Когда Джону, наконец, удалось выбраться из зала, прошло не меньше пяти минут. Он огляделся в поисках Шерлока, но того нигде не было.
Великолепно.
В 221 Шерлок не вернулся ни к обеду, ни вечером, который Джон провел с Молли. Когда она не задавала тысячи бессмысленных вопросов про Шерлока, с ней было приятно проводить время. Они разговаривали об университете, о том, кем они хотят стать; Молли тоже хотела стать врачом, хоть и таким, который работает с мертвыми, а не с живыми.

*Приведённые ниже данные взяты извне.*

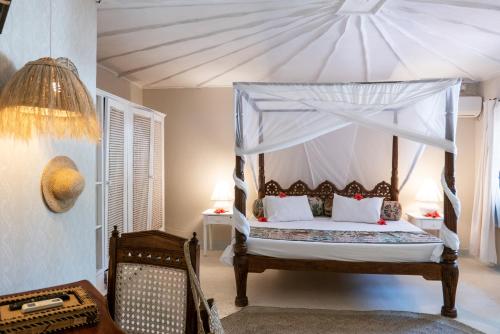 a bedroom with a canopy bed in a room at Crystal Bay Resort in Watamu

— Нет, нет, ты привыкаешь к трупам через некоторое время, — сказала она, взмахнув вилкой, полной пасты, в воздухе, чтобы подчеркнуть свою точку зрения (привычка Молли с энтузиазмом размахивать руками во время разговора закончилась для Джона, по крайней мере, двумя тычками вилкой за ужин). Увидев лицо Джона, она засмеялась. — Ладно, я знаю, звучит нелепо и жутко, но так и есть, честно. Ты просто… перестаешь думать о них, как о людях. Я провела так много времени в морге, помогая папе, после смерти мамы, что у меня, наверное, иммунитет к этому или что-то такое…
— Твоя мама тоже умерла? — спросил он прежде, чем успел остановить себя. (Дерьмо. Дерьмо. Не нужно было этого говорить. Это худшее из всего, что можно сказать. Черт. ) — Нет, нет, прости, я не должен был спрашивать. Господи, мне так жаль.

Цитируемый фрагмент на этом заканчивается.